Neoverse N1 vs Zen 2: ARM in Practice

Previously, we looked at ARM and x86 and concluded high performance designs wouldn’t get a significant advantage by using either instruction set. That article focused narrowly on the respective ISAs, and assumed equal ecosystem and implementation goals. Today, we’ll look at ARM and x86 in practice – specifically Neoverse N1 with a quad core Ampere Altra cloud instance, and Zen 2 in the 3950X with SMT turned off and four cores enabled.
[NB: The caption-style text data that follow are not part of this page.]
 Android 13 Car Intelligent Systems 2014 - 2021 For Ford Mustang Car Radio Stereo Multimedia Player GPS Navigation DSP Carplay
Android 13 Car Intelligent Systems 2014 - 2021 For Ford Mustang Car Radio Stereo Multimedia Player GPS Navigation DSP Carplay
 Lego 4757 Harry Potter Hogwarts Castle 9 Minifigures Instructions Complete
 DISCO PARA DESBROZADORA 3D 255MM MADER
For this review, we need to constantly be aware that Zen 2 and N1 have different implementation goals. Like Neoverse N1, Zen 2 was announced in 2019 and uses TSMC’s 7 nm process. They overlap in the server and datacenter role, but similarities end there. Neoverse N1 is closely related to Cortex A76, which saw use in several cell phone SoCs. In contrast, Zen 2 targets everything from laptops to desktops to servers and supercomputers which means that Zen 2 is deeper, wider, and clocks higher than N1 and because Zen 2 is designed to hit higher performance levels than N1, we’re going to focus more on whether the respective cores are performing as they should, rather than who wins in absolute terms.

Public Key Crypto

To start, we’ll do some RSA2048 asymmetric crypto benchmarks with OpenSSL. This integer heavy workload is particularly applicable to web servers. Signs/s here is as an upper bound to how many HTTPS connections per second the CPU can handle. At lower CPS, public key crypto can still consume quite a bit of CPU time, so a higher score is important because it leaves more CPU cycles free for other request processing logic.
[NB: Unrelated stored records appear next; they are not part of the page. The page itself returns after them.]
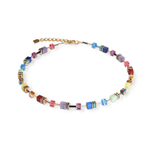 Колье Coeur de Lion Multicolour Gold 2838/10-1516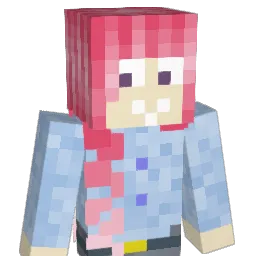 superphoton Minecraft avatar bust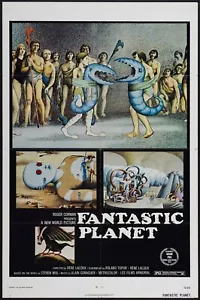 Fantastic Planet 01 Poster Canvas Movie Film Print A0 A1 A2 A3 A4 A5 A6 Art Wall - Picture 1 of 11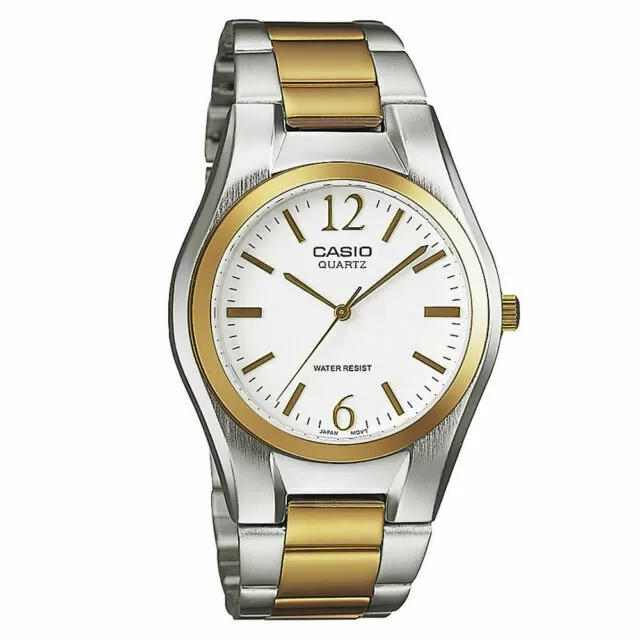 Casio MTP-1253 Two Tone Watch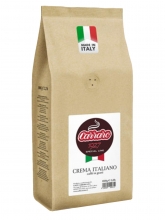 Кофе в зернах Carraro caffe Crema Italiano (Карраро кафе Крема Итальяно)  1 кг, пакет с клапаном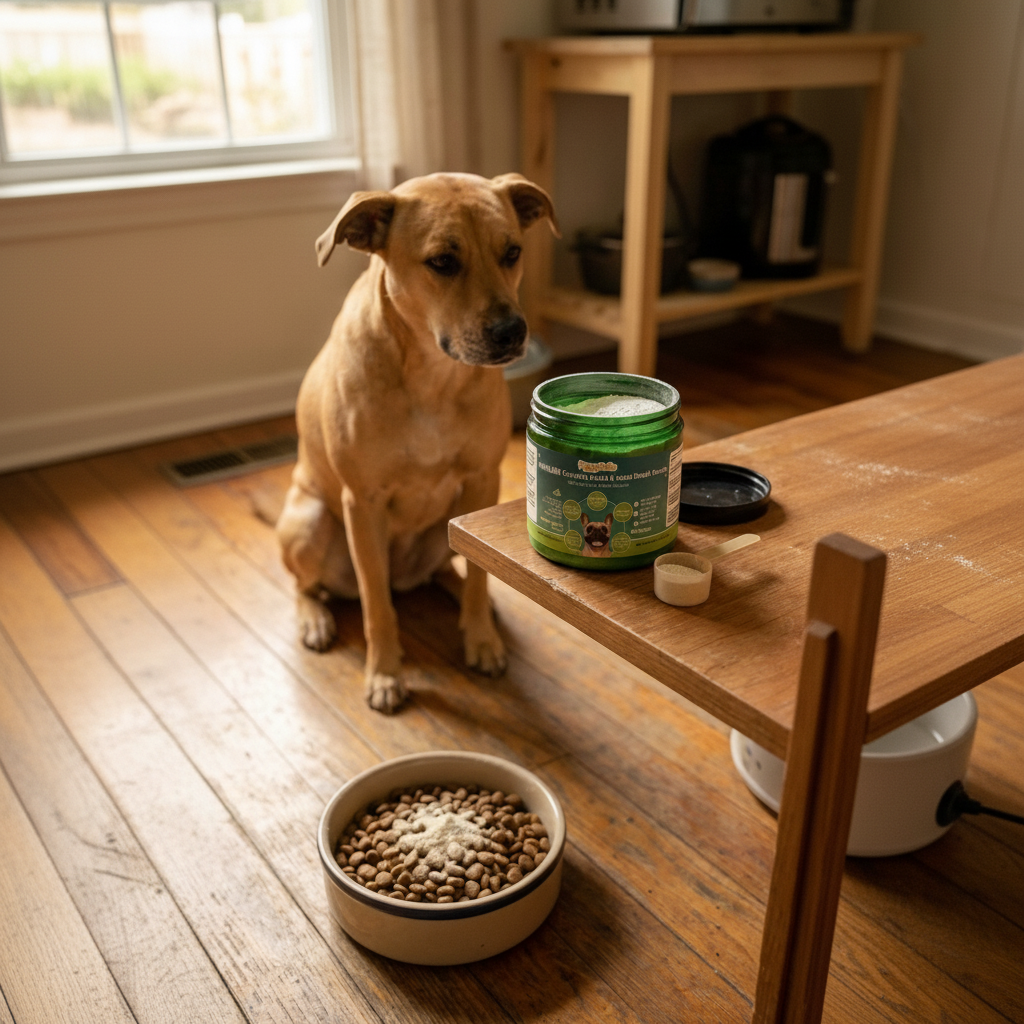 What Happens Between Cleanings Matters for Older Dogs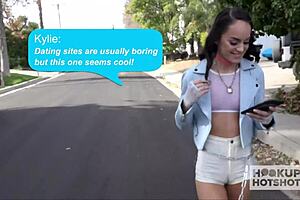 sizzling whore kylie martin enjoys wild assfucking and anal finger play 😈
Results from OpenSSL speed -multi 4 rsa2048

Ampere Altra’s N1 cores perform poorly. Zen 2 is over four times faster at 3 GHz, or over five times faster when boosting. Cloudflare mentions the ARM instruction set is less efficient because it lacks an instruction for 64-bit multiplication, and x86 has special instructions that can do two add-with-carry operations per cycle. But clearly this can be worked around: a 5 year old Snapdragon 821 outperforms Altra by 55% despite running at lower clocks.

Furthermore, Sandy Bridge doesn’t support ADCX/ADOX but still turns in a reasonable performance, albeit with its three integer pipes running near full tilt – performance counters showed them busy over 70% of the time. Neoverse N1 has three ALU pipes, but can’t match the a CPU with two ALUs (the FX-8350) in performance per clock. This looks like an architectural deficiency in Neoverse N1 that we hope ARM will address.
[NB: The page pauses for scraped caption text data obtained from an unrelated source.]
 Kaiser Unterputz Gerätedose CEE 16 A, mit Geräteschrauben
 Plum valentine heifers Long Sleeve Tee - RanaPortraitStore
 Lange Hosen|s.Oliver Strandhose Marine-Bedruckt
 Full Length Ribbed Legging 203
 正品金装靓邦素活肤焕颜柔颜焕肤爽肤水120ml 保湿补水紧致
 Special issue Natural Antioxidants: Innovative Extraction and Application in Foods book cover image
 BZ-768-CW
IPC during the OpenSSL benchmark with 4 threads active. CPUs that we can’t get performance counters for are excluded from this chart

Neoverse’s low IPC shows it’s not crunching through a ton of extra instructions. N1 simply isn’t able to bring the power of its three integer pipes to bear for this task. ARM Ltd has quite some room for improvement here.

File Compression

At default settings, 7z emphasizes compression efficiency over speed, making it very compute heavy. Zen 2 pulls ahead by almost 60% when it’s allowed to boost, showcasing AMD’s high performance design. At matched clocks, Zen 2 pulls ahead of Neoverse N1 by 17.3%. In terms of performance per clock, that puts N1 about a generation behind Zen 2. That’s a reasonable result for N1 considering its design goals.

Zen 2’s IPC increases by 7.7% at lower clocks, which suggests 7z hits memory a lot (memory latency and bandwidth don’t scale with increased clock speed). Neoverse N1’s performance per clock is neck and neck with Skylake’s, probably because the i5-6600K’s smaller L3 suffers more misses.

The x86 based chips here executed more instructions. Maybe that’s WSL overhead in translating Linux system calls to Windows ones. Or maybe sampling performance counters every second on x86 introduced more overhead than whatever perf stat did on ARM. In any case it’s not a big difference and IPC values are roughly comparable.

Code Compilation

Compilation performance can be very important for developers working on large projects, which can take hours to compile. Here, we’re compiling Gem5, a CPU simulator for microarchitecture research.

Neoverse N1 turns in an excellent performance, leading Zen 2 by 1% when clocks are matched. That’s impressive considering N1’s smaller core design. Zen 2 of course pulls ahead when it’s allowed to run at full tilt, but that only makes it finish the job 25.2% faster – certainly a noticeable difference, but nowhere near as big as we’ve seen elsewhere. Meanwhile, Skylake suffers an unexpected loss.

Like 7z, lower IPC at higher clocks suggests a lot of cache misses. IPC is also a bit low across all processors here. We didn’t dig further because of time constraints, but usually low IPC means cache and memory access are bigger factors than core throughput.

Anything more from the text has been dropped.